■ Records to use:
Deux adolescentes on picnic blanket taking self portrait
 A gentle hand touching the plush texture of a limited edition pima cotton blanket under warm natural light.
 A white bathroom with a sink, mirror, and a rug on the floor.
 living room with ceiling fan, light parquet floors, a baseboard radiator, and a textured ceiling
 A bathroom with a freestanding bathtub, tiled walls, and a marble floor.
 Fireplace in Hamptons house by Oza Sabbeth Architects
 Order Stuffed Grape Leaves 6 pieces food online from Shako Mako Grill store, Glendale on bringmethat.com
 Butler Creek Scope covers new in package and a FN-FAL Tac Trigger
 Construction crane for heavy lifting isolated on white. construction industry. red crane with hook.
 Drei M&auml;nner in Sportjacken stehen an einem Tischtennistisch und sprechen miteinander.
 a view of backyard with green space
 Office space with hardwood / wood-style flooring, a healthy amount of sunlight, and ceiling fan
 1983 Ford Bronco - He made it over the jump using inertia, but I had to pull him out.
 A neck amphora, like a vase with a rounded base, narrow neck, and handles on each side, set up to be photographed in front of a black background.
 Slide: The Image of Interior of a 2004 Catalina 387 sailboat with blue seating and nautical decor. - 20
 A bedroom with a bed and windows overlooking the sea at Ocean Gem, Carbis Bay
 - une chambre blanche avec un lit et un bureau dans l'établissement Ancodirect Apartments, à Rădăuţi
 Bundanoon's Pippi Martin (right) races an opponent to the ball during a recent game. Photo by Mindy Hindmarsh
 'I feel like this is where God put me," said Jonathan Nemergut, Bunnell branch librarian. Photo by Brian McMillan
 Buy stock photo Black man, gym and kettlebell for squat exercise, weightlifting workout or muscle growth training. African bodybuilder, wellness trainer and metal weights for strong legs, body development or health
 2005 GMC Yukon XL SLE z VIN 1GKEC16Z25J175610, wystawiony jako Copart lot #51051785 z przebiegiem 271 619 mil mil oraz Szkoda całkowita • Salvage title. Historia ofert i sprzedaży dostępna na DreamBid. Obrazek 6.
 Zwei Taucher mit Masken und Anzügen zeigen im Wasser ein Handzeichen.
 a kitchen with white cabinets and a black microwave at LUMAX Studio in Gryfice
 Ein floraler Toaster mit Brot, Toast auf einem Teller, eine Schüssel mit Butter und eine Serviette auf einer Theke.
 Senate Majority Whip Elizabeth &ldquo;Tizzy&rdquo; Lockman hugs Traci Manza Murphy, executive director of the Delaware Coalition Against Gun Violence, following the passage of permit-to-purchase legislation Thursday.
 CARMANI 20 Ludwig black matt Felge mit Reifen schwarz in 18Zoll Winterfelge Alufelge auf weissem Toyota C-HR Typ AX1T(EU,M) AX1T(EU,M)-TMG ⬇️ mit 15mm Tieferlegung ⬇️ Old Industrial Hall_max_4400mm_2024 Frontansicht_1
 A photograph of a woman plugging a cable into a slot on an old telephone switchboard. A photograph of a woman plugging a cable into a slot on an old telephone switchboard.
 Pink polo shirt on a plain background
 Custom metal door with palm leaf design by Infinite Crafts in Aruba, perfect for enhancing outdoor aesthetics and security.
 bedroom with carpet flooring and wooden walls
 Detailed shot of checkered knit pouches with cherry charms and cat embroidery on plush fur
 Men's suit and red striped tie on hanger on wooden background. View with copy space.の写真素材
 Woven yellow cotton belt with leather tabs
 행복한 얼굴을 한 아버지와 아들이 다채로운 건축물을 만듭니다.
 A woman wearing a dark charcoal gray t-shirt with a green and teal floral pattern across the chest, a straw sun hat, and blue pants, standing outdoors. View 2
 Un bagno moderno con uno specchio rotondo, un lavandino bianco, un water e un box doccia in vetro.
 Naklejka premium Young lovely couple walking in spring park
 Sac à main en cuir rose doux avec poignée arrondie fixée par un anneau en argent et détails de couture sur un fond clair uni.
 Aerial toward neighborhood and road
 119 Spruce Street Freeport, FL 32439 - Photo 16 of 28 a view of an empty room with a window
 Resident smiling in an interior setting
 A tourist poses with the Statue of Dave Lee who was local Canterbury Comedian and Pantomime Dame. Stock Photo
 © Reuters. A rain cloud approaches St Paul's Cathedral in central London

■ Work item: The entries above hold a line with "- une chambre" and a later line with "Senate Majority Whip". Write out exactly those lines and all lines between, nothing more.

■ Output below:
 - une chambre blanche avec un lit et un bureau dans l'établissement Ancodirect Apartments, à Rădăuţi
 Bundanoon's Pippi Martin (right) races an opponent to the ball during a recent game. Photo by Mindy Hindmarsh
 'I feel like this is where God put me," said Jonathan Nemergut, Bunnell branch librarian. Photo by Brian McMillan
 Buy stock photo Black man, gym and kettlebell for squat exercise, weightlifting workout or muscle growth training. African bodybuilder, wellness trainer and metal weights for strong legs, body development or health
 2005 GMC Yukon XL SLE z VIN 1GKEC16Z25J175610, wystawiony jako Copart lot #51051785 z przebiegiem 271 619 mil mil oraz Szkoda całkowita • Salvage title. Historia ofert i sprzedaży dostępna na DreamBid. Obrazek 6.
 Zwei Taucher mit Masken und Anzügen zeigen im Wasser ein Handzeichen.
 a kitchen with white cabinets and a black microwave at LUMAX Studio in Gryfice
 Ein floraler Toaster mit Brot, Toast auf einem Teller, eine Schüssel mit Butter und eine Serviette auf einer Theke.
 Senate Majority Whip Elizabeth &ldquo;Tizzy&rdquo; Lockman hugs Traci Manza Murphy, executive director of the Delaware Coalition Against Gun Violence, following the passage of permit-to-purchase legislation Thursday.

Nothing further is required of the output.